- **DATASET EXTRACT**:
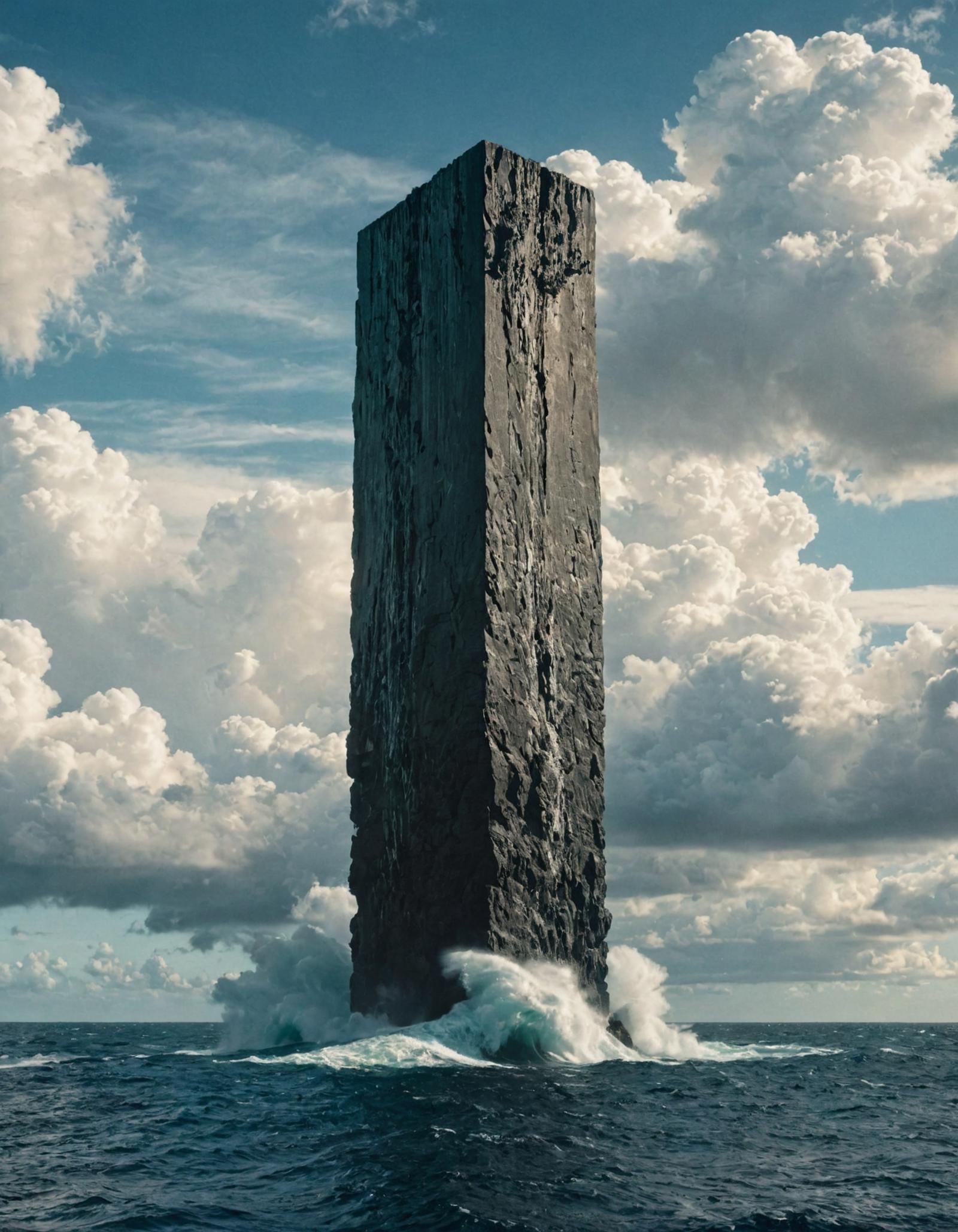 A tall rocky structure towering over the ocean with waves crashing around it.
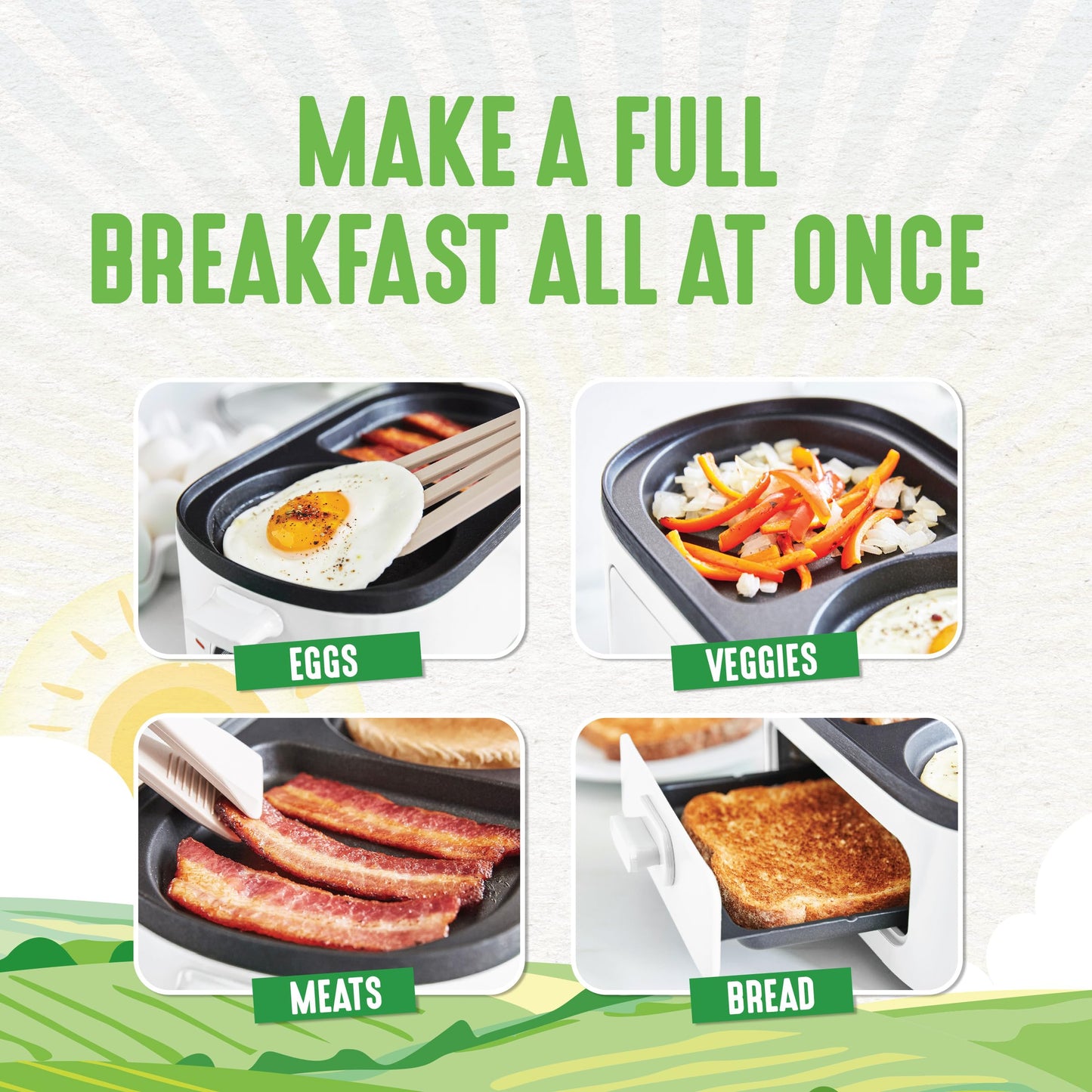 3-in-1 Breakfast Maker Station, Healthy Ceramic Nonstick Dual Griddles for Eggs Meat Sausage Bacon Pancakes and Breakfast Sandwiches, 2 Slice Toast Drawer, Easy-to-use Timer, White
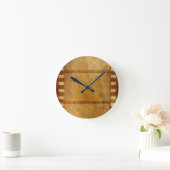 ムービーリール古ファッションド金ゴールドグランジ背景DI ラウンド壁時計 (ホーム)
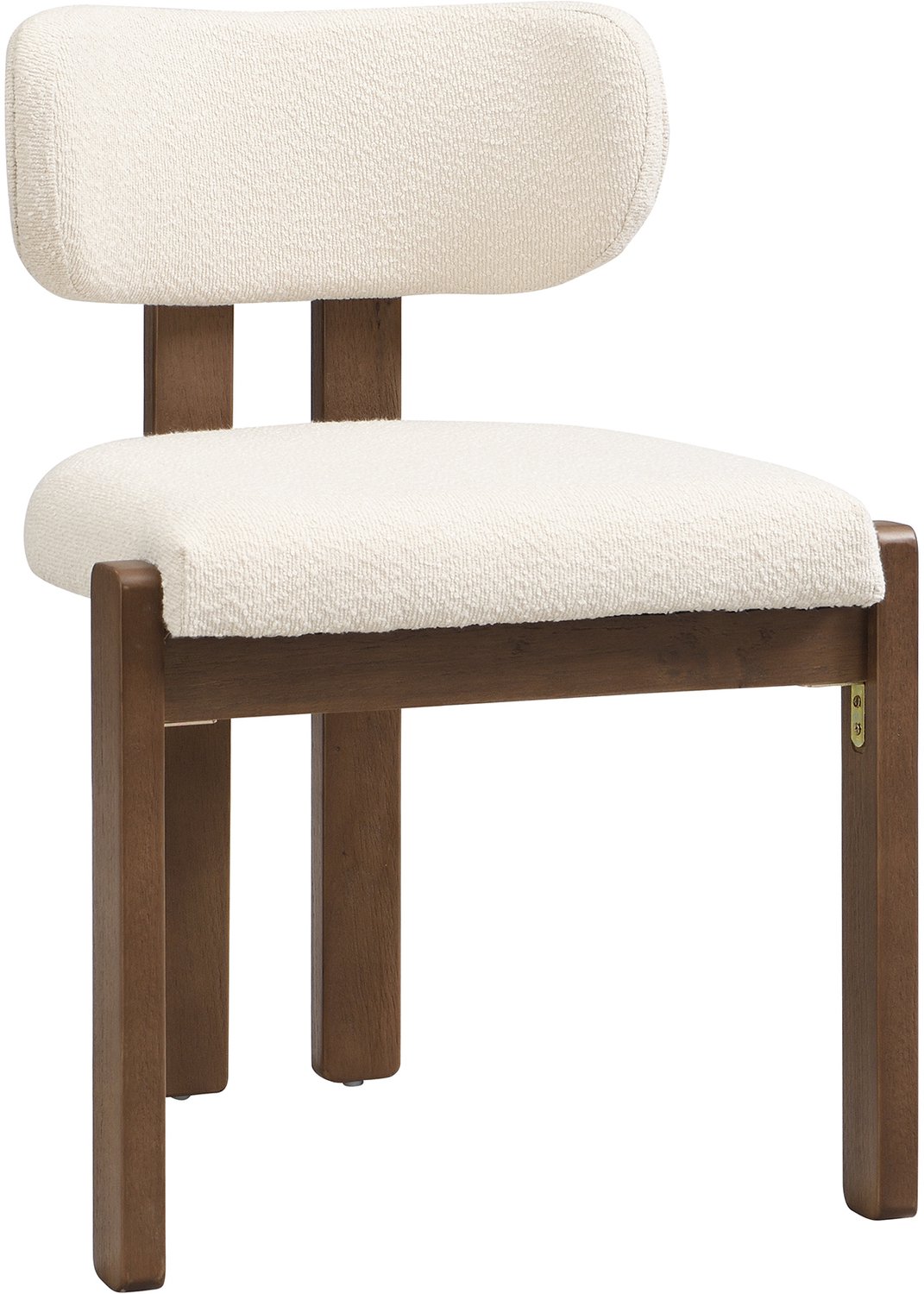 REDOM Set van 6 eetkamerstoelen - Bouclé bekleding en houten frame - Walnootkleur Walnootkleurig frame met lichtgekleurde bekleding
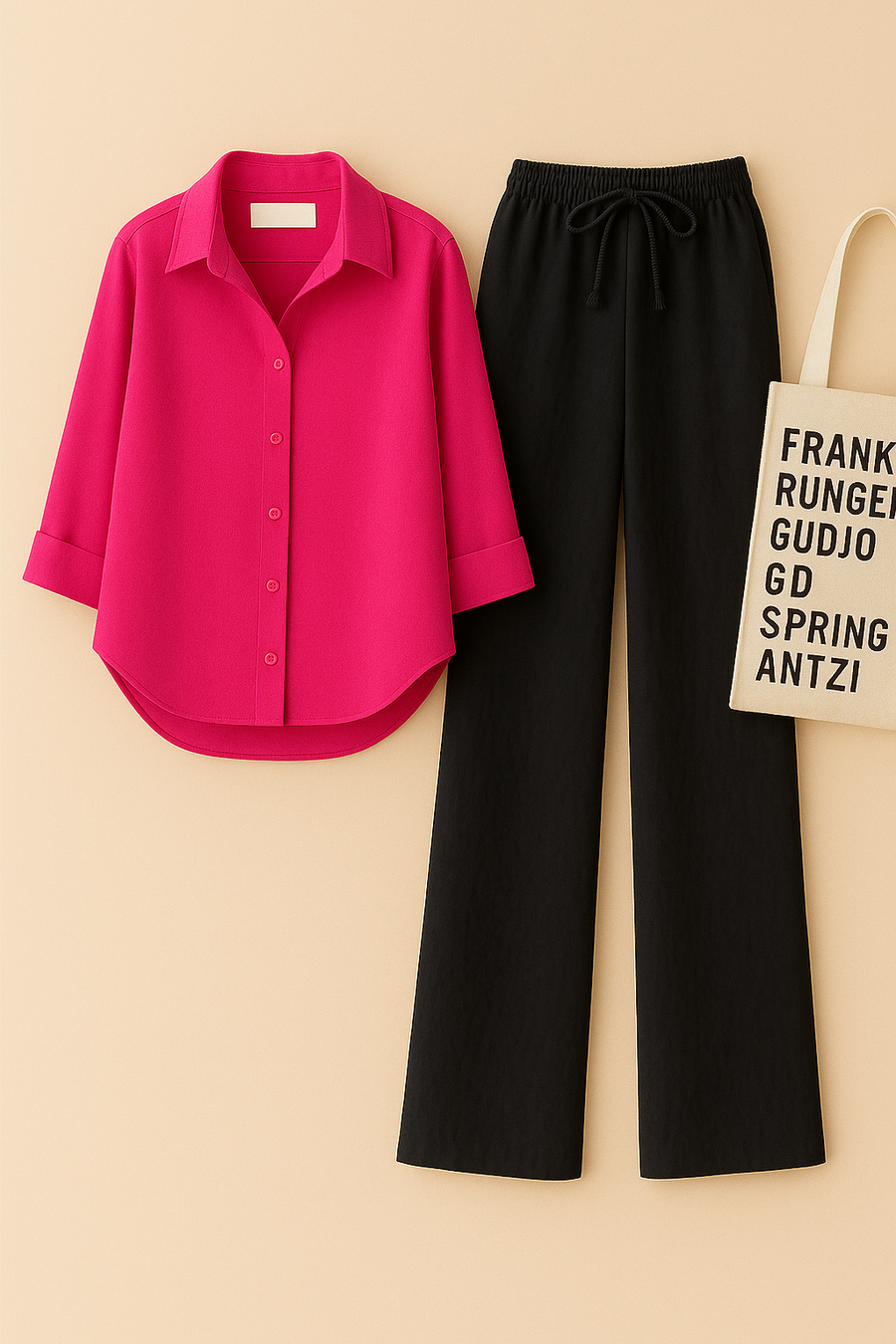 Pink Shirt + Black Trouser Duo Set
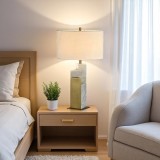 Modern lampshade with light gray and gold column HP-3010 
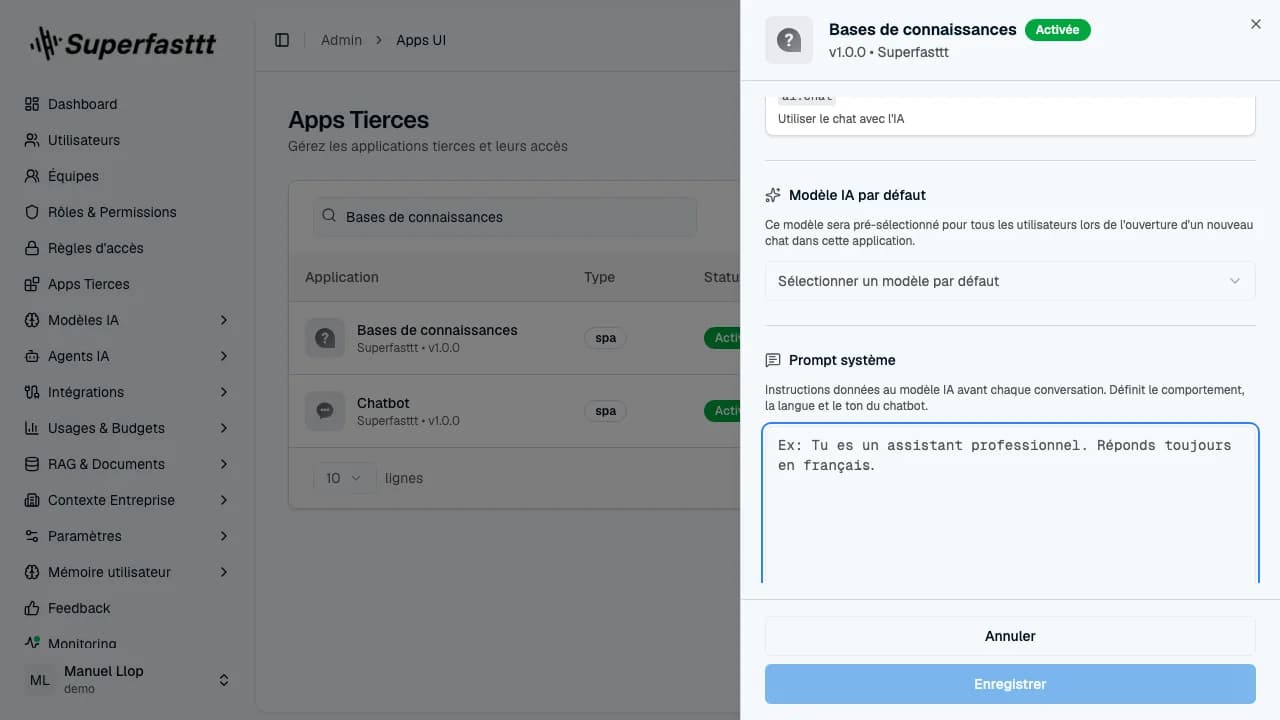 Panneau Détail de l'app Bases de connaissances — section Prompt système avec zone de texte (10 000 caractères max) et bouton Enregistrer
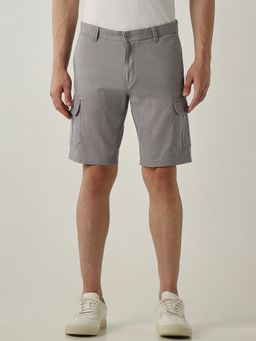 Reid & Taylor - Steel Grey Regular Fit Cotton Shorts
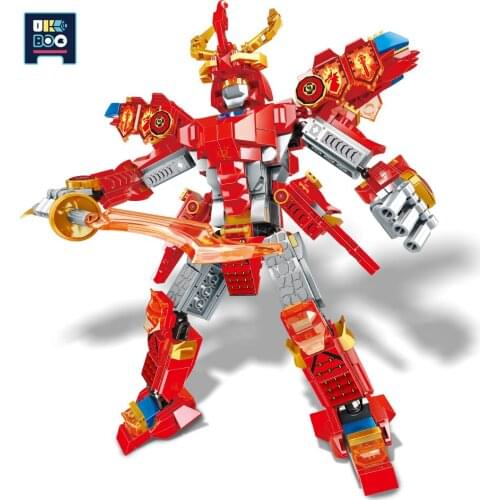UKBOO 585PCS Ninja Dragon Flame Warrior Mech Fight Model Building Blocks City Knight Educational Weapon Bricks Toys For Children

- **YOUR GOAL**:
Repeat exactly the lines above, beginning at the one containing "Pink Shirt + Black Trouser Duo Set" and ending at the one containing "Reid & Taylor". Do not carry over any pictures.

- **WRITTEN SOLUTION**:
 Pink Shirt + Black Trouser Duo Set
 Modern lampshade with light gray and gold column HP-3010 
 Panneau Détail de l'app Bases de connaissances — section Prompt système avec zone de texte (10 000 caractères max) et bouton Enregistrer
 Reid & Taylor - Steel Grey Regular Fit Cotton Shorts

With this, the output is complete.